Hacking a smart Philips lightbulb
I got my hands on a Xiaomi Philips smart LED lightbulb (ESP8266) and my goal was to hack it, install custom firmware and effectively get rid of the Xiaomi botnet.
Hardware & disassembly
The bulb has a fixed colour temperature of 2700K, uses 9W and outputs up to 806lm. It is built on ESP8266, precisely esp-wroom-02d. This means that installing custom ESP-compatible firmware is possible – for instance Tasmota. The rest is just a simple power supply and LED array.
There are several versions of this lighbulb and I could not find anything about this particular version. The main differences seem to be the entire PCB and housing. Most of the older versions are accessible without much force.
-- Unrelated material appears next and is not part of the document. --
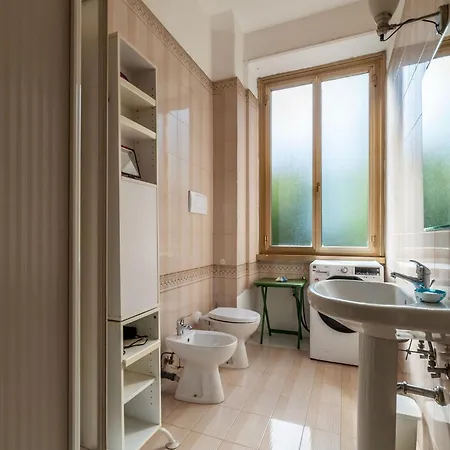 Guesthost - Comfy Garbatella * Rome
I started by popping off the light diffuser. This takes just a bit of prying, since it is lightly glued to the base. After taking out two screws, the LED array can be unplugged and taken out of the assembly. This leaves the ESP antenna exposed, but the rest of the board is still inaccessible.
There is no way of getting into this particular model without a bit of cutting. I took my dremmel and cut out part of the almuninum casing/heatsink to get to the PCB. This made the important part of the board accessible and exposed all the relevant pins.
In order to be able to communicate with the device, we need to connect RX and TX pins, 3.3V and GND. We also need access to the IO0 pin used for enabling the UART download mode.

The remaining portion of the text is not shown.